Here’s how interacted with this post:
- Title told me that “lower is better”. Assumption: it’s introducing the graph, I should look at it
- Graph shows from left to right the best browsers for privacy. Assumption: they are the best for privacy, the title told me so
Then I read the description. But I’m a data analyst, I’m used to look at the details. Most people do not. They want quick “tell me what’s happening”. It’s something you accept if you work in this field, the best DAs can tell their stories in just a few graphs.

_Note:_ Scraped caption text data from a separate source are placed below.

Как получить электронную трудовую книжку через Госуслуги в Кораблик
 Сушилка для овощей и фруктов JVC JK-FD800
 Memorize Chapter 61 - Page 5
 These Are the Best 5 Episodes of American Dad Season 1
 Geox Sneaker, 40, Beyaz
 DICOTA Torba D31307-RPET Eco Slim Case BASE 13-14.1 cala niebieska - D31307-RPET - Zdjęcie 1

Tip: assume that people won’t read anything. They will just look at the graph. If each point is not equal, then your graph needs to show it. Looking at the source really quick, I maybe would’ve done a graph that shows points per category. It would need some work to look good and not cluttered, but that way you can let the viewer decide for themselves what they consider important and look at the points that matter to them.
Take this as constructive criticism and not as a “gotcha”, I fall for this trap every once in a while too. Try to not be frustrated, it’s just how it is. Next time you’ll do a better job at passing your message
As a piece of software, nothing. It’s an open source browser, and has an added bonus of having many privacy settings on by default. Not even firefox can say the same, it comes with telemetry, pocket and whatnot out of the box.
But there are some fair criticisms about the company and its administration. For example, there was an incident years ago when you signed on a crypto exchange, it would swap the sign on link for their own referral link. They claimed this was an error and quickly patched it, but I don’t buy it.
You’ll quickly notice that a lot of people on lemmy passionately hate brave. So expect a strong bias and, as a result, truths but overblown, half truths and misinformation. Don’t ignore what they say but double check them.